Scrambled eggs, Omelets, Frittatas
Cook until the eggs are thickened and no visible liquid egg remains.
Fried eggs – Over-Easy, Over-Hard and Basted
Cook until the whites are completely set and the yolks begin to thicken but are not hard.
Poached Eggs
Cook gently in simmering water until the whites are completely set and the yolks begin to thicken, but are not hard.
Baked Custards, Quiches, Casseroles, French Toast
Cook or bake until a thermometer inserted into the center registers 160°F or use the knife test.

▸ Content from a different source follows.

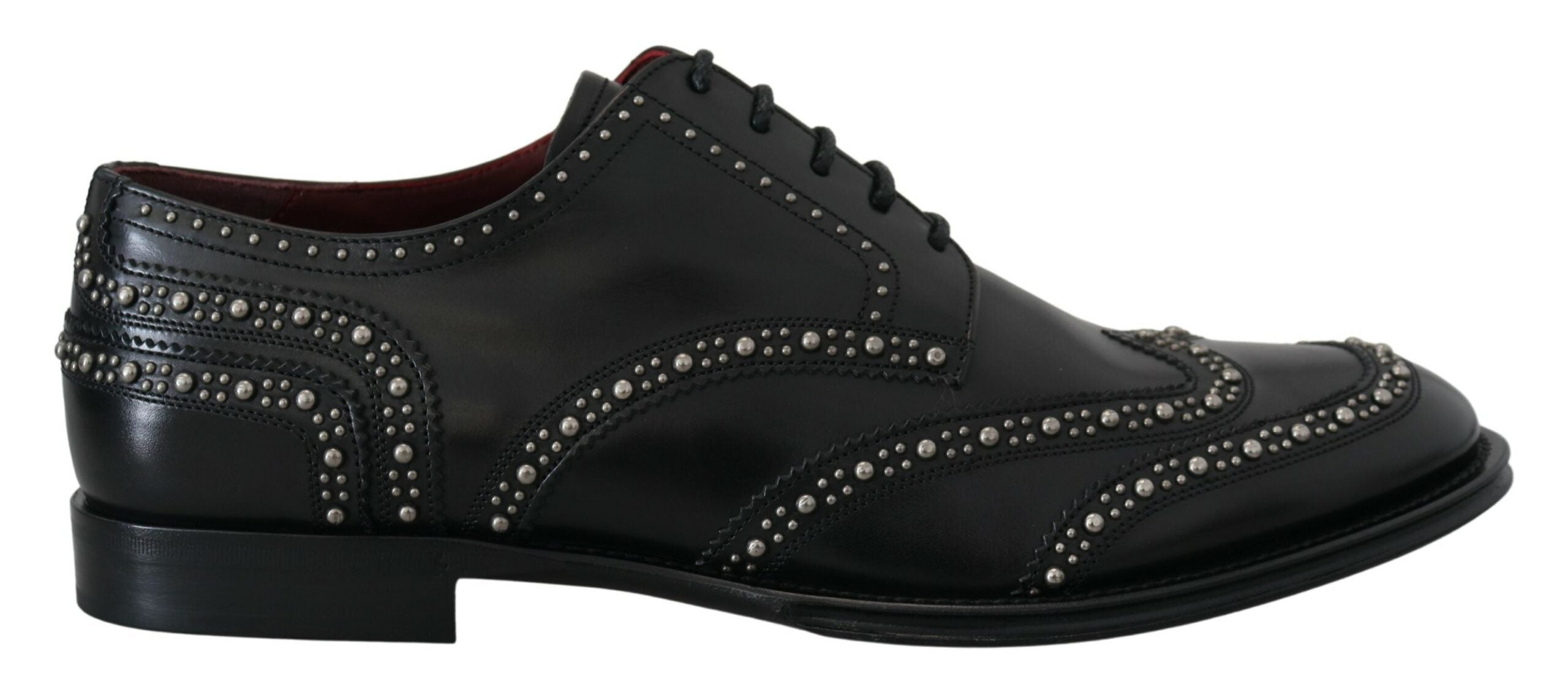 Dolce & Gabbana – Elegante schwarze Derby-Schuhe mit Nieten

The knife test: Test for doneness with a thin-bladed knife. Insert knife about 1 inch from the center of a one-dish custard; midway between center and edge of cups. If knife is clean when pulled out, the custard is done. If any custard clings to the blade, bake a few minutes longer and test again.
Cheese fillings: Quiche fillings containing cheese may continue to test "wet" even after they are done, making the knife test unreliable. In this case, bake until the center appears almost set but still jiggles a bit when the dish is tapped or gently shaken.

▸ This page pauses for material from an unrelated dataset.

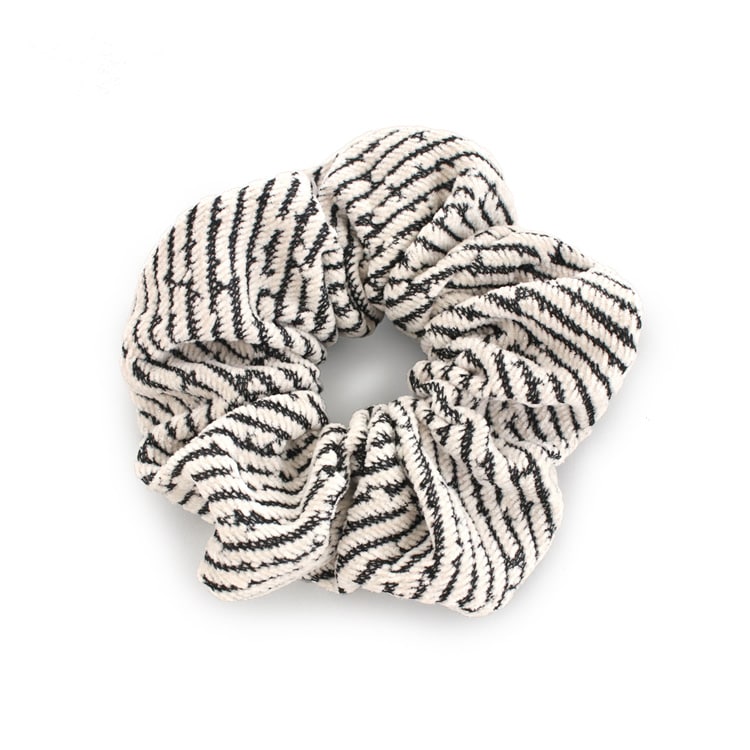 S-676) ストライプシュシュ | ビーズ・パーツなどのハンドメイド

Stirred Custards, Eggnog, Ice Cream Bases
Cook until thick enough to coat a metal spoon with a thin film, or until a thermometer registers 160°F or higher in the center of the mixture. After cooking, cool the custard quickly by setting the pan in ice or cold water and stirring for a few minutes, to prevent overcooking.
Pie Meringues
Spread pie meringue on a hot, fully-cooked pie filling. Bake in preheated 350°F oven until a thermometer registers 160°F or higher in the center of the meringue, about 15 minutes. If more than 3 egg whites, bake at 325°F until a thermometer registers 160°F or higher, about 25 to 30 minutes.